I got the friend’s phone number and while she wasn’t glad to hear from me, she gave me directions to her house. I drove right over. She answered the door with a boy of around 10. She invited me in while he glared up at me. “Jimmy, go and get Busbee,” she told the boy. Busbee, I thought. What is he, the butler? I must have uttered the name aloud because she told me that was what they called him. “His name is Gus,” I told her. “We bought him in Bismarck and his AKC name is Augustus of Bismarck, but we call him, just Gus.”
From her look, she either didn’t get my reference to Gus, the theater cat, from “Cats,” or she just hated my guts. Probably both. I heard Gus bark and soon he was tearing through the house, stopping briefly to say hello to me, before moving on in a whirlwind of terrier energy around the room, so he didn’t miss anything. “I guess that’s your dog?” the woman asked.

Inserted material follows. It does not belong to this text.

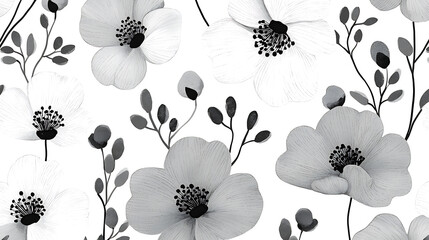 pattern simple abstract flowers in a modern black and white composition high quality 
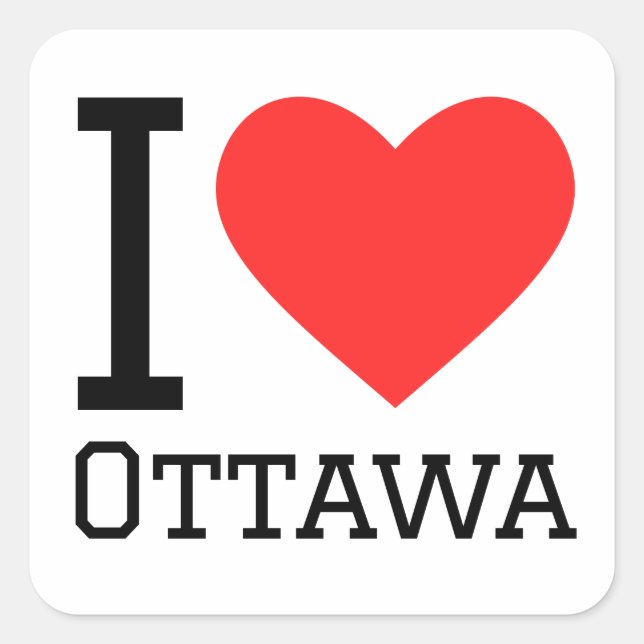 Sticker Carré J'aime Ottawa (Devant)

I hesitated. There was a brief moment as I took in the scene. This was obviously a wonderful home. There was a loving mom and three great kids who really wanted their little Busbee not to leave. The youngest, a girl, chased Gus around the room, giggling, while the older kids leaned on some furniture and looked at me. They knew what was going on but still held some hope that a lightening bolt would come through their chimney and disintegrate me.

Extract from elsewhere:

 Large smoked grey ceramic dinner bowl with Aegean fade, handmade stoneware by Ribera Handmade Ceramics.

The middle child moved to her mom, who put an arm around her. It was obvious how much they all loved and wanted my dog. This was the moment. I remembered Chuck Connors from “Old Yeller,” trading the little boy his egg-sucking hound for a horned toad.
All eyes were on me and this was my chance to do the noble thing.
“Yep, that’s Gus. Thanks for looking out for him. We’ll be going now.”
The sobbing sounds followed me out the door and I took one last look at the perfect little family, now dogless, as they all stood crying in the driveway. (Sorry if you don’t like the ending but I’d had him five years and they’d had him a week. Besides, there is something about the bond between a man and his dog that even crying kids can’t overcome.)